Producing only water (and no CO2) upon combustion, hydrogen is one of the most environmental friendly fuels. However, safe and energy efficient storage of hydrogen remains one of the biggest scientific challenges in enabling hydrogen as energy carrier for the future, despite many years of international research. Clathrate hydrates (clathrates), a material made up of cavities large enough to encapsulate a variety of gas molecules including hydrogen, could offer a solution.

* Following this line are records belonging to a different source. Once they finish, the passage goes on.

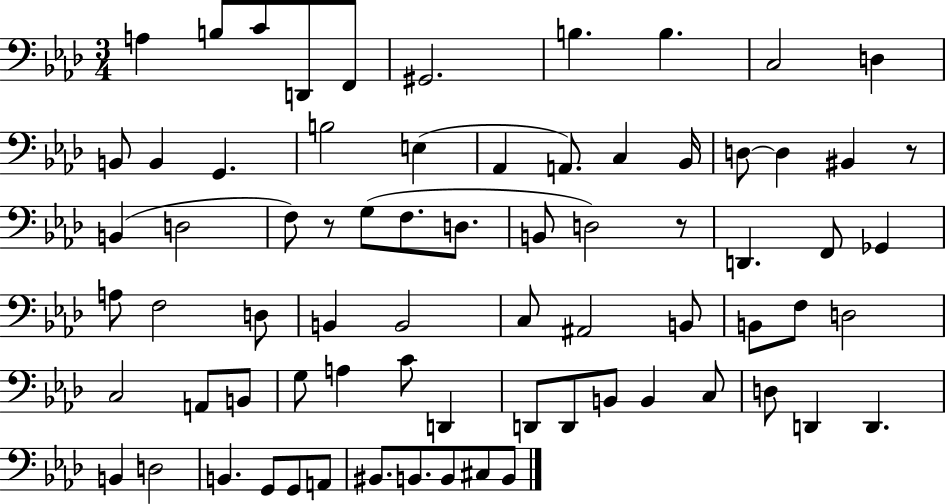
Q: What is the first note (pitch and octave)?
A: A3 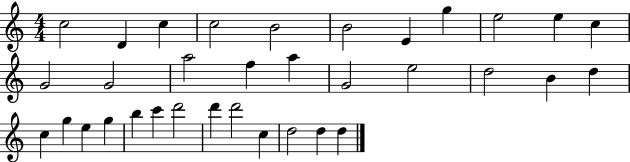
C5/h D4/q C5/q C5/h B4/h B4/h E4/q G5/q E5/h E5/q C5/q G4/h G4/h A5/h F5/q A5/q G4/h E5/h D5/h B4/q D5/q C5/q G5/q E5/q G5/q B5/q C6/q D6/h D6/q D6/h C5/q D5/h D5/q D5/q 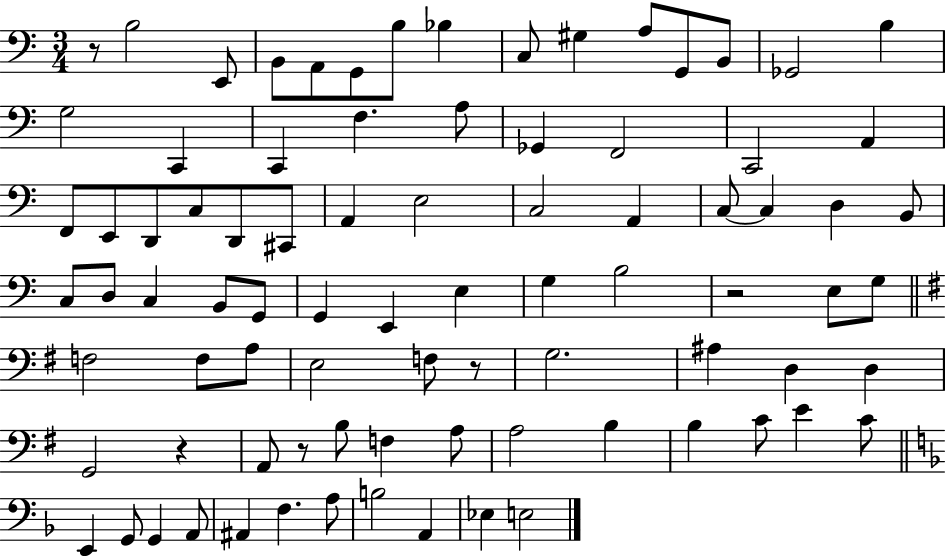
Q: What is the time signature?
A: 3/4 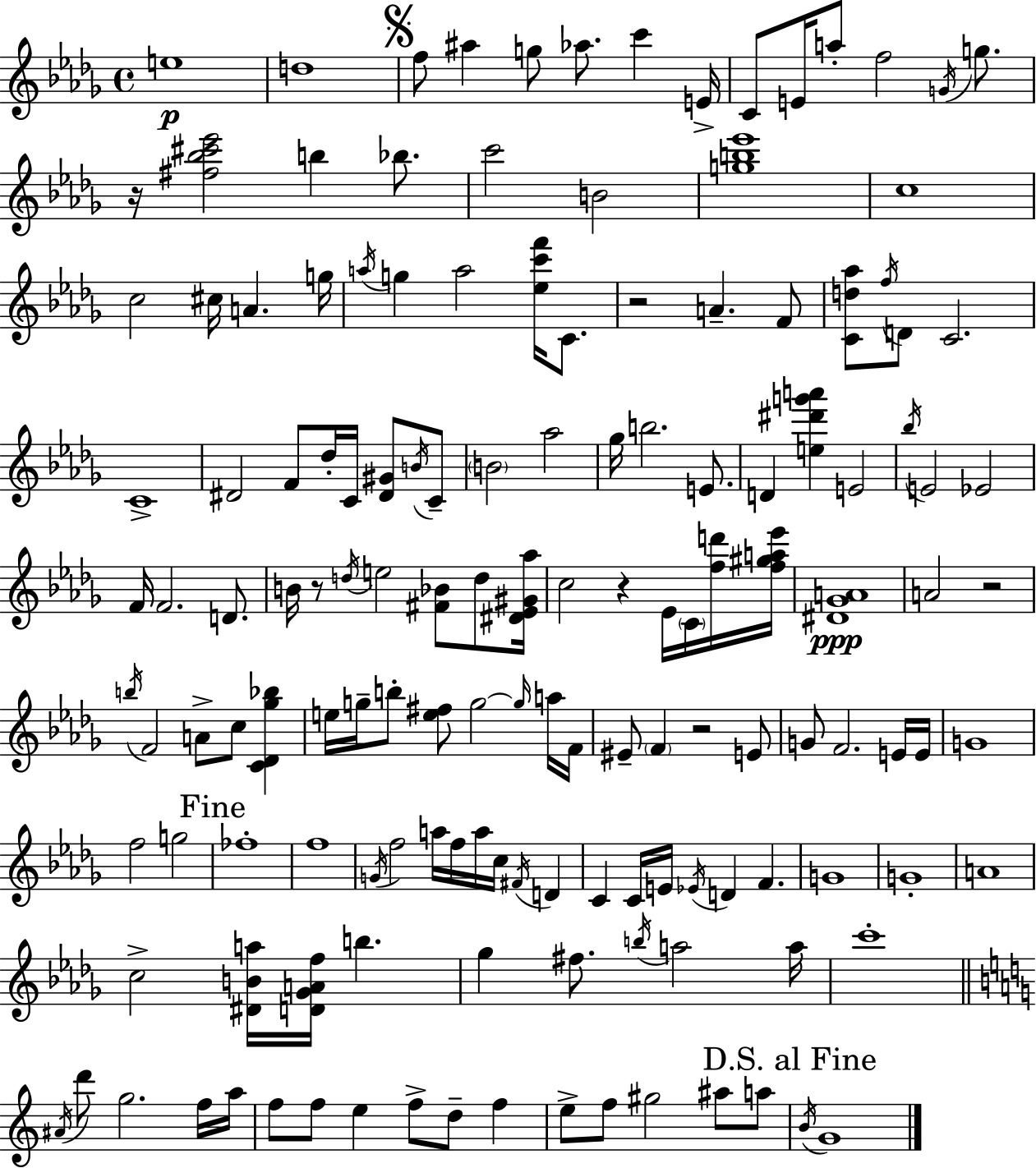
{
  \clef treble
  \time 4/4
  \defaultTimeSignature
  \key bes \minor
  e''1\p | d''1 | \mark \markup { \musicglyph "scripts.segno" } f''8 ais''4 g''8 aes''8. c'''4 e'16-> | c'8 e'16 a''8-. f''2 \acciaccatura { g'16 } g''8. | \break r16 <fis'' bes'' cis''' ees'''>2 b''4 bes''8. | c'''2 b'2 | <g'' b'' ees'''>1 | c''1 | \break c''2 cis''16 a'4. | g''16 \acciaccatura { a''16 } g''4 a''2 <ees'' c''' f'''>16 c'8. | r2 a'4.-- | f'8 <c' d'' aes''>8 \acciaccatura { f''16 } d'8 c'2. | \break c'1-> | dis'2 f'8 des''16-. c'16 <dis' gis'>8 | \acciaccatura { b'16 } c'8-- \parenthesize b'2 aes''2 | ges''16 b''2. | \break e'8. d'4 <e'' dis''' g''' a'''>4 e'2 | \acciaccatura { bes''16 } e'2 ees'2 | f'16 f'2. | d'8. b'16 r8 \acciaccatura { d''16 } e''2 | \break <fis' bes'>8 d''8 <dis' ees' gis' aes''>16 c''2 r4 | ees'16 \parenthesize c'16 <f'' d'''>16 <f'' gis'' a'' ees'''>16 <dis' ges' a'>1\ppp | a'2 r2 | \acciaccatura { b''16 } f'2 a'8-> | \break c''8 <c' des' ges'' bes''>4 e''16 g''16-- b''8-. <e'' fis''>8 g''2~~ | \grace { g''16 } a''16 f'16 eis'8-- \parenthesize f'4 r2 | e'8 g'8 f'2. | e'16 e'16 g'1 | \break f''2 | g''2 \mark "Fine" fes''1-. | f''1 | \acciaccatura { g'16 } f''2 | \break a''16 f''16 a''16 c''16 \acciaccatura { fis'16 } d'4 c'4 c'16 e'16 | \acciaccatura { ees'16 } d'4 f'4. g'1 | g'1-. | a'1 | \break c''2-> | <dis' b' a''>16 <d' ges' a' f''>16 b''4. ges''4 fis''8. | \acciaccatura { b''16 } a''2 a''16 c'''1-. | \bar "||" \break \key c \major \acciaccatura { ais'16 } d'''8 g''2. f''16 | a''16 f''8 f''8 e''4 f''8-> d''8-- f''4 | e''8-> f''8 gis''2 ais''8 a''8 | \mark "D.S. al Fine" \acciaccatura { b'16 } g'1 | \break \bar "|."
} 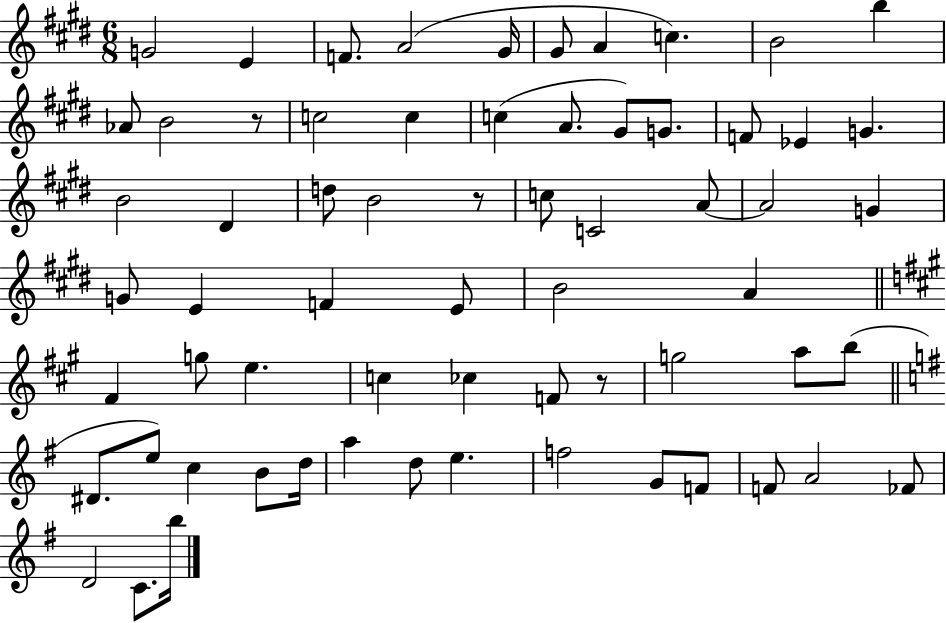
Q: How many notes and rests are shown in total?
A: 65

the initial Sprint cSBO ARCLATH I a proof of concept was provided for storing hydrogen in confined clathrate hydrates under technically and economically relevant conditions of temperature and pressure. In ARLCATH II we aim to maximize the hydrogen storage capacity of the clathrate phase by tailoring pore size, structure and chemical functionality of the host material in order to enable the formation and stabilisation of novel clathrate structures occluding more hydrogen under similar conditions of temperature and pressure. To this aim, we need to advance our understanding of the underlying mechanism governing hydrogen clathrate formation and its use as storage medium. New insights from theoretical modelling combined with experimental validation will enable us to synthesise hydrophobic materials with superior properties for hosting clathrate structures with enhanced storage capacity. At the same time we will search for a practical process of reversible hydrogen storage and delivery based on pressure swing cycling at lab-scale.